── Recorded data

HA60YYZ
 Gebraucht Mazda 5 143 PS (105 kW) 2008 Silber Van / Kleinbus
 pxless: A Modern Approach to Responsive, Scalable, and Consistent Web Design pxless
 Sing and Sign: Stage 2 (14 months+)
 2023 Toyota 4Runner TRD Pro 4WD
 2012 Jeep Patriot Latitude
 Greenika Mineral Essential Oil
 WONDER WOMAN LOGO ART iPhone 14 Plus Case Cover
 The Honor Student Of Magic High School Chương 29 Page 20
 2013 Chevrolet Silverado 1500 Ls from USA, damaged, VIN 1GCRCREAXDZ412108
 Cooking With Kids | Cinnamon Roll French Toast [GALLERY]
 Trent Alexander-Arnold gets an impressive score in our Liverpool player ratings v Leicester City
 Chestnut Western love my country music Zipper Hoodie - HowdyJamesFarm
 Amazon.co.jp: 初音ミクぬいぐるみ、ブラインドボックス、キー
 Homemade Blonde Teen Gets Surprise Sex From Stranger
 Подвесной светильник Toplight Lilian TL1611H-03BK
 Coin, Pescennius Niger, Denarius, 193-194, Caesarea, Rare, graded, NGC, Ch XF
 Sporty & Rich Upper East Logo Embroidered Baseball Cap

────

→ **To do**: You are asked to transcribe all of the data above exactly.

→ **Task result**:
HA60YYZ
 Gebraucht Mazda 5 143 PS (105 kW) 2008 Silber Van / Kleinbus
 pxless: A Modern Approach to Responsive, Scalable, and Consistent Web Design pxless
 Sing and Sign: Stage 2 (14 months+)
 2023 Toyota 4Runner TRD Pro 4WD
 2012 Jeep Patriot Latitude
 Greenika Mineral Essential Oil
 WONDER WOMAN LOGO ART iPhone 14 Plus Case Cover
 The Honor Student Of Magic High School Chương 29 Page 20
 2013 Chevrolet Silverado 1500 Ls from USA, damaged, VIN 1GCRCREAXDZ412108
 Cooking With Kids | Cinnamon Roll French Toast [GALLERY]
 Trent Alexander-Arnold gets an impressive score in our Liverpool player ratings v Leicester City
 Chestnut Western love my country music Zipper Hoodie - HowdyJamesFarm
 Amazon.co.jp: 初音ミクぬいぐるみ、ブラインドボックス、キー
 Homemade Blonde Teen Gets Surprise Sex From Stranger
 Подвесной светильник Toplight Lilian TL1611H-03BK
 Coin, Pescennius Niger, Denarius, 193-194, Caesarea, Rare, graded, NGC, Ch XF
 Sporty & Rich Upper East Logo Embroidered Baseball Cap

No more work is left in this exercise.